La carrière du chevalier Newton a été tout différente : il a vécu près de quatre-vingt-cinq ans, toujours tranquille, heureux, et honoré dans sa patrie. Son grand bonheur a été non-seulement d’être né dans un pays libre, mais dans un temps où, les impertinences scolastiques étant bannies, la raison seule était cultivée : le monde ne pouvait être que son écolier, et non son ennemi.

Une opposition singulière dans laquelle il se trouve avec Descartes, c’est que, dans le cours d’une si longue vie, il n’a eu ni passion ni faiblesse. Il n’a jamais approché d’aucune femme : c’est ce qui m’a été confirmé par le médecin et le chirurgien entre les bras de qui il est mort[1]. On peut admirer en cela Newton, mais il ne faut pas blâmer Descartes.

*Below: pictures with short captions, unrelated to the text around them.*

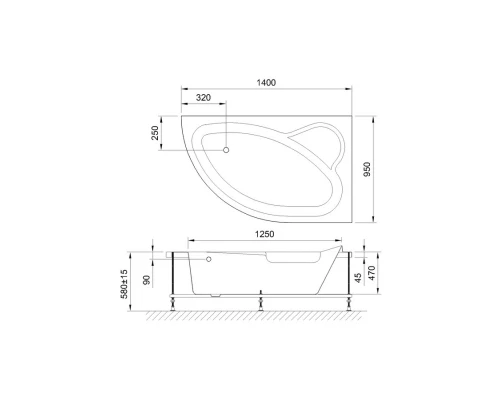 Акриловая ванна 140x95 см R Royal Bath Alpine RB819103R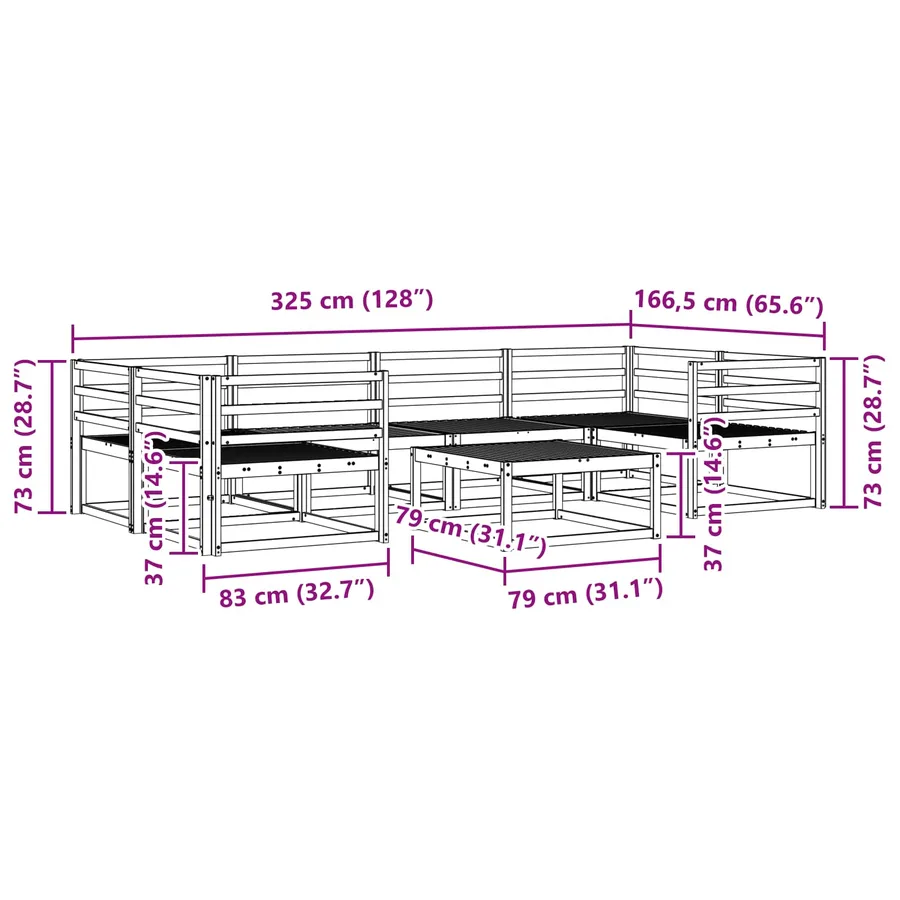 Ensemble de canapés d'extérieur 7 pcs Blanc - 9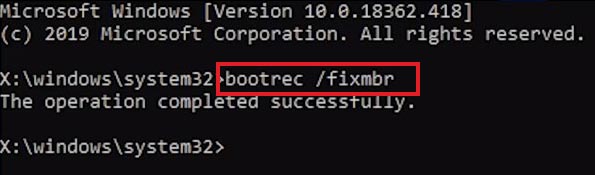 execute bootrec fixmbr command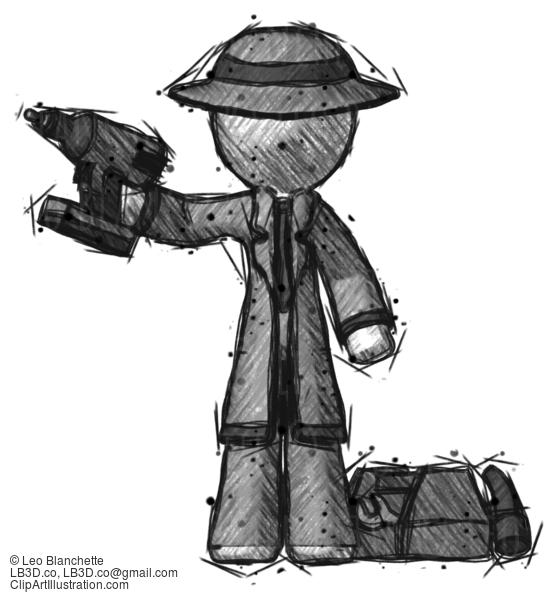 Sketch Detective Man Holding Drill Ready To Work, Toolchest And Tools To Right #3602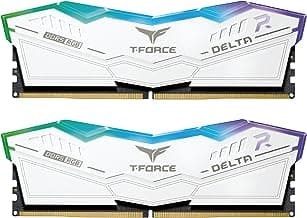 TEAMGROUP T-Force Delta RGB DDR5 Ram 32GB (2x16GB) 6000MHz PC5-48000 CL30 Intel XMP 3.0 & AMD Expo Compatible Desktop Memory Module Ram White FF4D532G6000HC30DC01
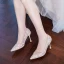 Elegant Champagne Lace Wedding Shoes 2020 8 cm Stiletto Heels Pointed Toe Wedding Pumps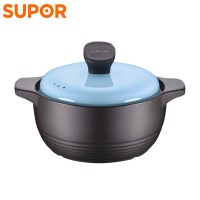 苏泊尔(SUPOR)新陶瓷煲.彩享系列.浅汤煲砂锅炖锅陶瓷煲汤锅明火耐热煮粥焖家用2.5L TB25G1送汤勺竹垫手套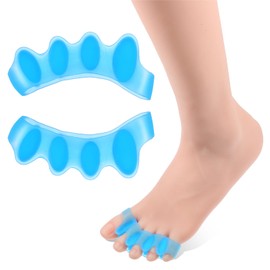 2pcs Toe Spreaders For Women Silicone Toe Spreaders Gel Toe Separators To Correct Your Toes Correct Toes Spreaders For Feet For Overlapping Toes Hammer Toe Crooked Toes Yoga Athletic (Blue)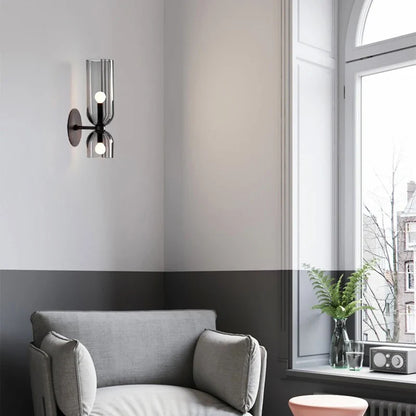 Nordic Glass Wall Lamp | Smoked Tube Design Sconce For Bedrooms and Living Room Side Walls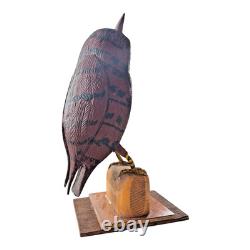 Vintage Carved Folk Art Wood Owl Sculpture Glass Eyes Signed by Carl Scharver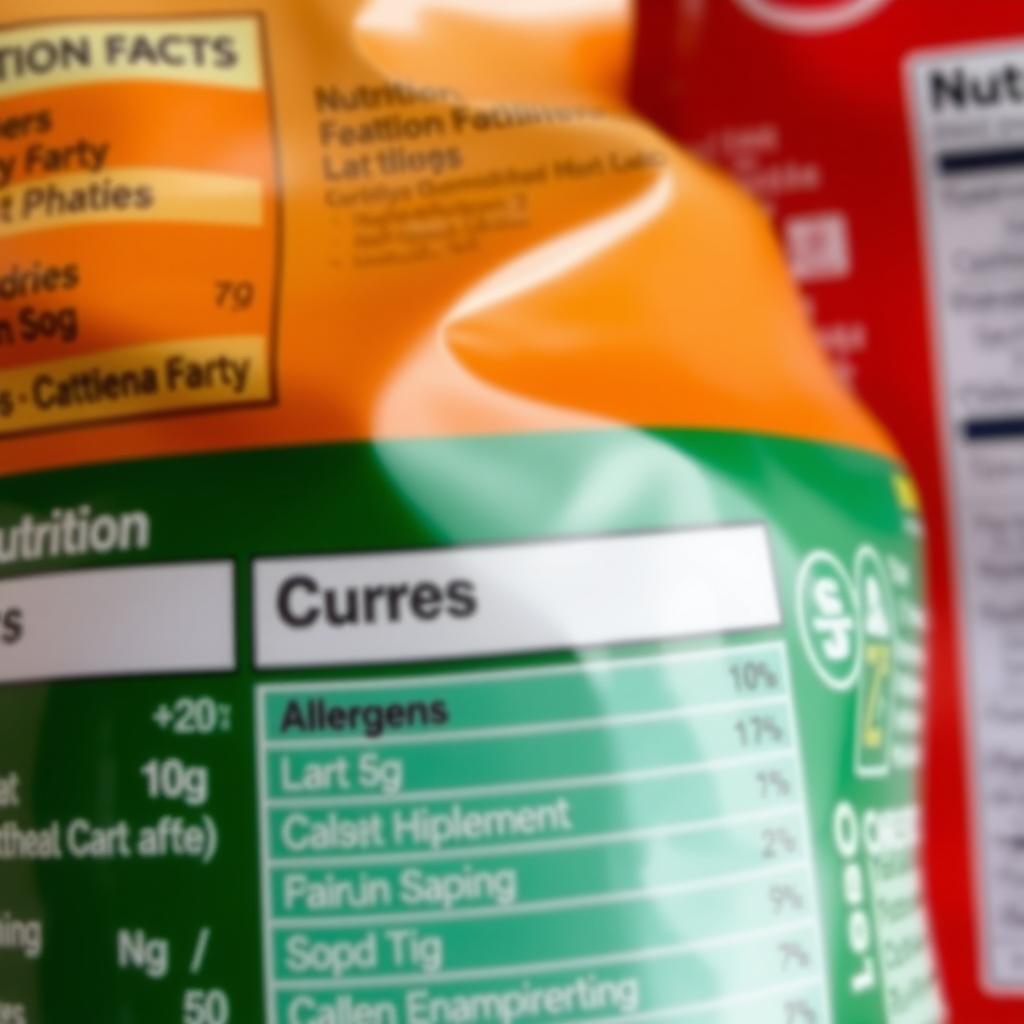 Nutrition labels highlighting allergen information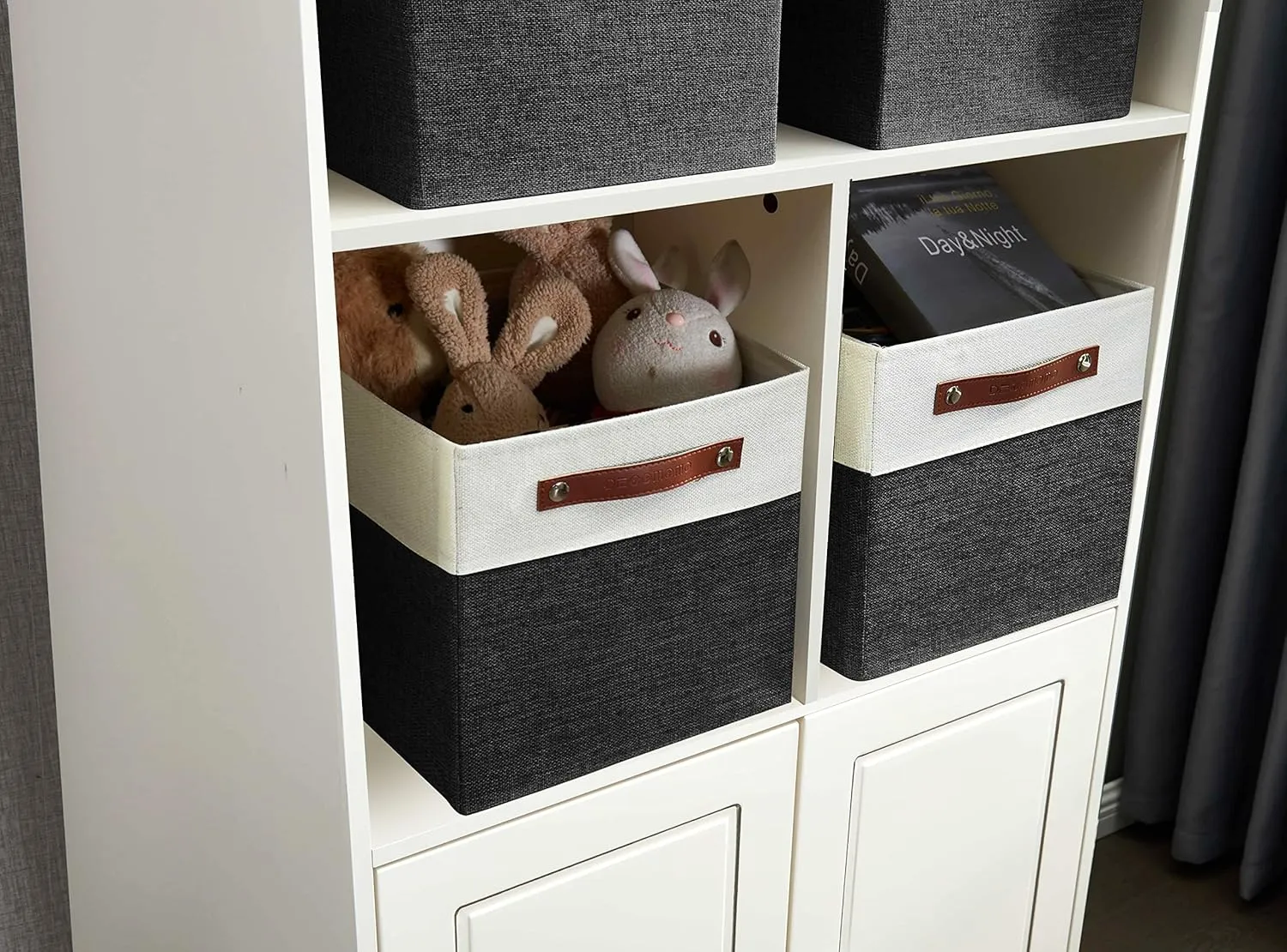 DECOMOMO Kallax Storage Cubes -13x15x13 Storage Bins, Baskets for Organizing Shelves (Black and White, 4-Pack)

L’opinion publique en Angleterre sur ces deux philosophes est que le premier était un rêveur, et que l’autre était un sage.

Très-peu de personnes à Londres lisent Descartes, dont effectivement les ouvrages sont devenus inutiles ; très-peu lisent aussi Newton, parce qu’il faut être fort savant pour le comprendre. Cependant tout le monde parle d’eux ; on n’accorde rien au Français, et on donne tout à l’Anglais. Quelques gens croient que si l’on ne s’en tient plus à l’horreur du vide, si l’on sait que l’air est pesant, si l’on se sert de lunettes d’approche, on en a l’obligation à Newton. Il est ici l’Hercule de la fable à qui les ignorants attribuaient tous les faits des autres héros.

Dans une critique qu’on a faite à Londres du discours de M. de Fontenelle, on a osé avancer que Descartes n’était pas un grand géomètre. Ceux qui parlent ainsi peuvent se reprocher de battre leur nourrice ; Descartes a fait un aussi grand chemin du point où il a trouvé la géométrie jusqu’au point où il l’a poussée que Newton en a fait après lui : il est le premier qui[2] ait enseigné la manière de donner les équations algébriques des courbes. Sa géométrie, grâce à lui, devenue aujourd’hui commune, était de son temps si profonde qu’aucun professeur n’osa entreprendre

  1. Cela prouve que le médecin de Newton n’était pas aussi bon physicien que lui. Il n’existe, pour les hommes, aucun signe certain de virginité ; et un homme qui meurt à quatre-vingt-cinq ans, dont l’âme a été modérée, et qui a mené une vie retirée et paisible, peut avoir eu des faiblesses sans qu’il reste de témoins. D’ailleurs, quand Newton n’aurait jamais connu ce genre de plaisir, quel bien en résulterait-il pour le genre humain ? (K.)
  2. 1734. « Qui ait trouvé la manière. »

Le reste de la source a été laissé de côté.